In this study, we obtained analytical solutions for functionally graded curved beams with different properties in tension and compression, in which the moduli of elasticity in tension and compression are assumed as two different exponential functions. First, by determining the unknown neutral layer, we established a simplified mechanical model concerning tension and compression subzone and derived the one-dimensional solution (i.e., the solution in the scope of mechanics of materials). Given that the one-dimensional solution is a relatively simplified one, thus a comprehensive understanding of this problem is still needed. For this purpose, we established the consistency equation expressed in terms of stress function under two-dimensional theory of elasticity.
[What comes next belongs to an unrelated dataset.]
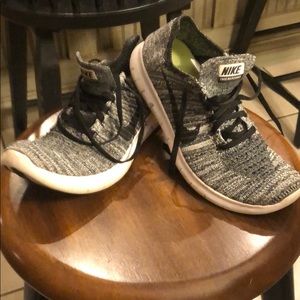 Ladies Black/White Free FlyKnit Shoes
Combining boundary conditions of inner and outer edges with continuity conditions of the neutral layer, we applied power series method for the solution of stress components under pure bending. The variations of radial and circumferential stresses in different cases of bimodular functionally graded parameters are comprehensively analyzed with numerical examples. Results indicate that the position of the neutral layer is generally related to the elastic modulus and the functionally graded coefficients of the materials. Moreover, the maximum tensile or compressive bending stress may not take place at the outer or inner edges of the curved beam but inside the beam, which should be given more attention in the analysis and design of functionally graded curved beams with different properties in tension and compression.